“The kingdom of heaven is like a grain of mustard seed that a man took and sowed in his field. It is the smallest of all seeds, but when it has grown it is larger than all the garden plants and becomes a tree, so that the birds of the air come and make nests in its branches.”
I took a vow once to underline every verse in Matthew that started out with the phrase, “the kingdom of heaven is like…”. My ADD made sure it was a temporary vow. But I like going back and reading these. I think it’s funny—in a very ADD way—that Scripture never really tells us what the kingdom is, just what it is like. Jesus used metaphors, cryptic similes, and other figures of speech that sometimes leaves me nodding my head the way I used to in high school Chemistry class to cloak my disdain and pure ignorance for chemical compounds and how many molecules of some periodic element merged—in my opinion, a very suspicious and possibly immoral way—to another electron which gave it magical properties that may or may not be explosive. I had an affinity towards the explosives.
It was because of chemistry that I decided to be a pastor.

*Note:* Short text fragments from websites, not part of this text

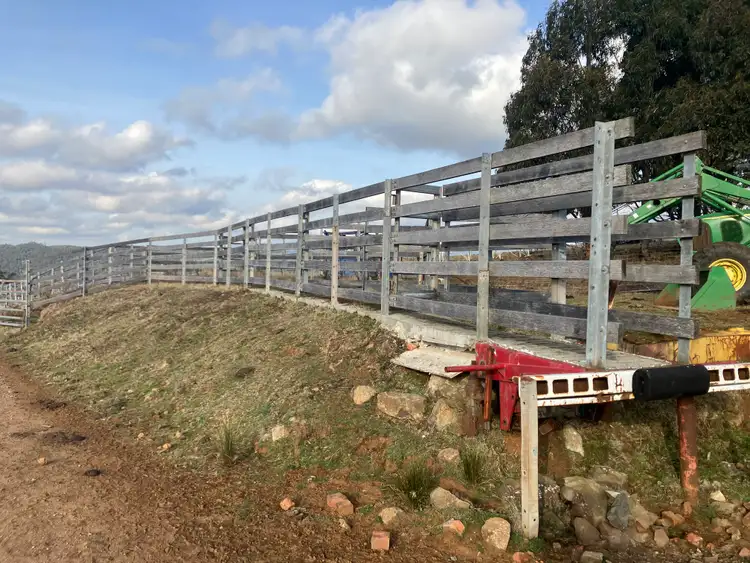 Sixth view of Homely rural property listing, 317 South Nietta Road, Nietta TAS 7315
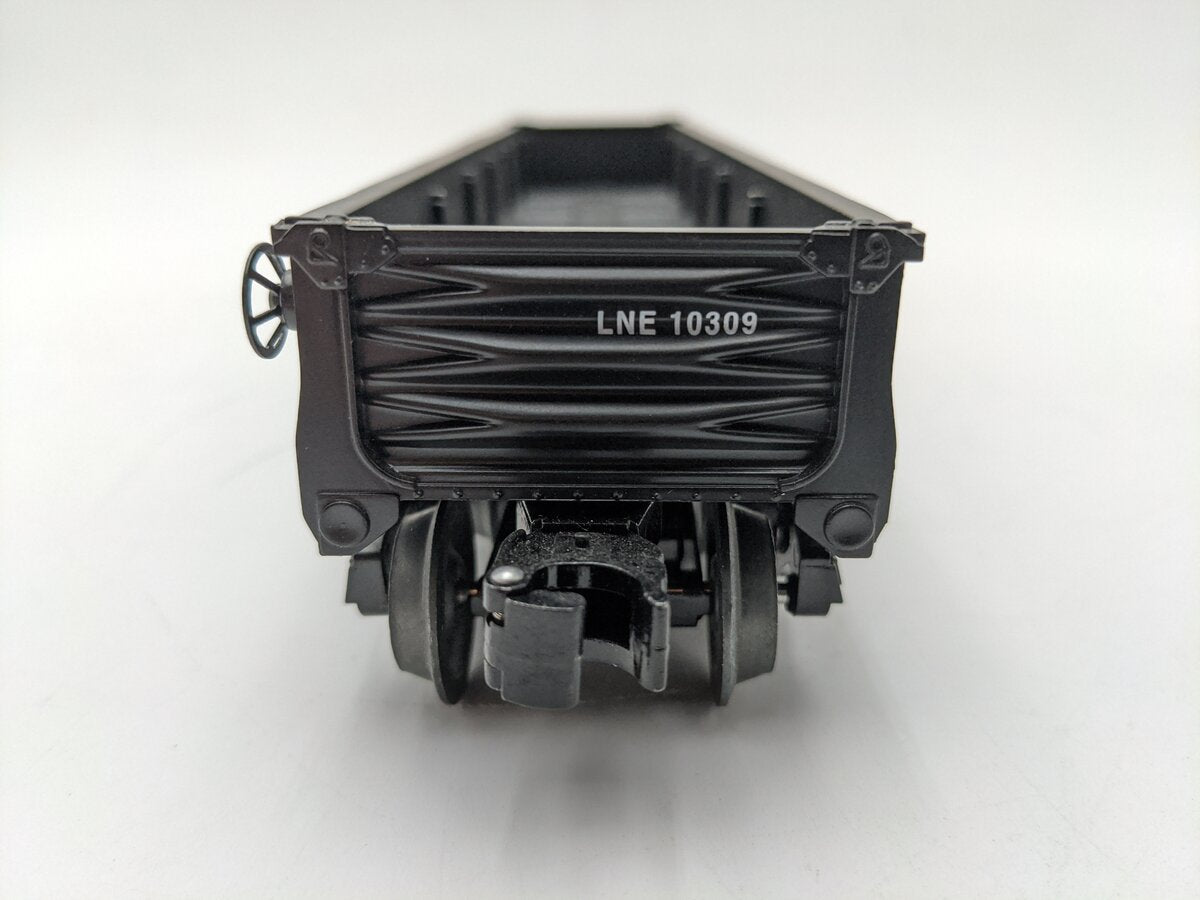 Williams 47211 O Lehigh & New England Gondola with Load #10309 EX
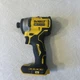 DEWALT DCF809 20V MAX ATOMIC Compact Brushless Impact Driver &ndash; Tool Only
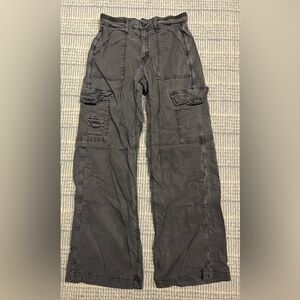 American Eagle Cargo Pants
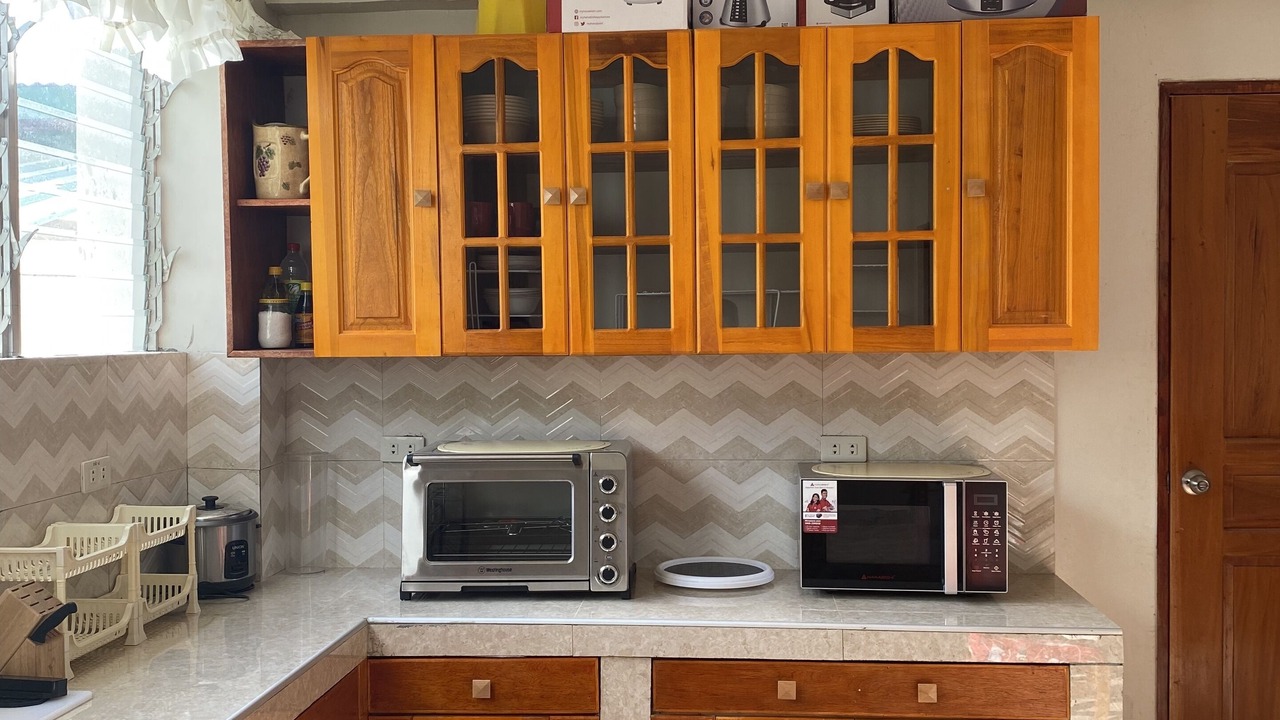 Photo of Kitchen in Candelaria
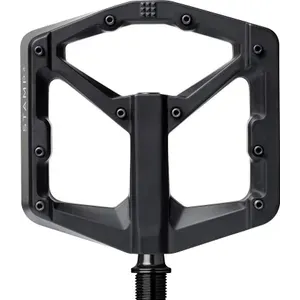 Šport a outdoor | Cyklistika | Diely a komponenty | Pedále - Crankbrothers Stamp 2 Large Black Šport a outdoor | Cyklistika | Diely a komponenty | Pedále - Crankbrothers Stamp 2 Large Black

But I love these moments in Scripture, because it allows the imagination—something unallowed in chemistry—to form what we see the Kingdom to be. So here in Matthew chapter 13, verse 31-32, Christ likens his kingdom to a mustard seed. Can’t you see it? A dark speck buried in deep creases of the farmer’s palm. Squinting to make out its shape and color he kicks a groove in the soil below. Squatting down, he upends his hand over the broken ground, then turns his hand to be sure that the seed fell. Months and years go by as the seed germinates into a recognizable plant. But unlike the surrounding garden plants, this one grows large, towering over its fellow flora.
Here’s the crux; the preferred modus operandi in the Kingdom of God is slow, small, hidden, and private.
Sow seeds of tears.
Sow seeds of prayers.
Whisper the silent songs of your heart.
Don’t be impatient with small beginnings.
Plant the small seeds.
Then, one day, without much notice and devoid of pomp, you will see what has become of you. A tree. Large. Spread out. Surprise. Maybe it was the chicking and peeping of the birds nesting in your branches that awakened you to your evolvement.